To me, today seemed to be one of the most important and educational days out of our whole trip. We visited a concentration camp in Dachau today. Although this was not the first concentration camp I had been to, it was still as impactful as the last two had been. The concentration camp in Dachau was not a camp where there were known mass-murders of Jews, as its purpose was actually to “re-educate” germans who did not agree with the Nazis’ ideologies.
We had a fantastic tour guide that helped explain how the Jewish were impacted by concentration camps overall, but also more specifically about Dachau’s concentration camp. This concentration camp was of the lowest severity, but still is very important and held up a similar structure to other concentration camps. The prisoners ranged from political prisoners, Jews, homosexuals, Catholic priests, Communists, and more. Jews only made up a small percentage though (compared to the other concentration camps there were).
Walking through the camp, the weather was quite cold and dreary. I was wearing a jacket, a long sleeve, and pants. I was cold as it was, but all I could think of was how miserable the prisoners must have felt during the harsh, cold winters with the thin clothes that they were given. We saw the barracks that the prisoners were put in, wash-rooms, crematorium, gas chambers, and more. The beds that the prisoners were put in were so small and seemed extremely frail. I know, I would have felt very tight and uncomfortable in that bed even if I had a nice cushion. Prisoners were given straw-made mattresses, and they had to share with several other prisoners. If the beds were not made to the guards’ expectations each morning, the prisoners were given some type of punishment: lack of food, beating, humiliation, etc.

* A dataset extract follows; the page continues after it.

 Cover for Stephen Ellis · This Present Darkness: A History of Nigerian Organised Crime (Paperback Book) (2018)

We also learned about the medical experiments that were performed on the prisoners by the doctors. Many of these medical experiments were done on the prisoners that were in the best physical shape, in order to get the most accurate results. One of the experiments performed was seeing if a frozen body could be resuscitated. A prisoner was to be put into a freezing body of water for a certain amount of minutes in order to represent a soldier falling into seas (from flying a warcraft). They wanted to see how long the soldier could be under before they could lose any chance of reviving him. Another experiment that was done was an attempt to change eye-color. If I remember correctly, this tended to be performed on twins because it allowed for doctors to compare results easier. All of these medical experiments were extremely inhumane to perform, and many, if not more failed. Hearing about the torture that these prisoners were put through was very hard to process, because I know the twins especially were kids…just like us. The innocence was stripped out of them at such a young age, with no choice or chance at survival because there was Nazi control almost everywhere you looked…inside and outside the camps.
There was also a purchasing or barter-like system that was set in place; local businesses and companies could purchase a prisoner to use for work. Although this was also very inhumane, the living conditions were usually way better under the companies than they were at the concentration camps. Moving off of that point, at this specific concentration camp, there was a separation of prisoners. The higher “VIPS”, and more-wanted prisoners were set aside in a “barrack” that was called Barrack X. The living conditions were even more confined than the normal prisoners.
The gas chambers were very sad to walk through, as the prisoners were tricked into their deaths by thinking they were going into showers. Music was played to cover the screams, and the dead bodies were cremated, not by the soldiers, but by other prisoners who were given tasks. As the concentration camps filled up in terms of prisoners, they had less hygienic routines , less food to give out, and more dead bodies laying around. The Americans that freed everyone were faced with an ugly scene head-on, but the survivors are the ones who had to live through that for numerous days.
What I take away from this the most is that we must continue to learn about these horrible events in order to prevent them from ever happening again. People should listen to the few survivors left, and pay attention to what happens in current events. My generation is the future, and we are the ones to pave how our world will look.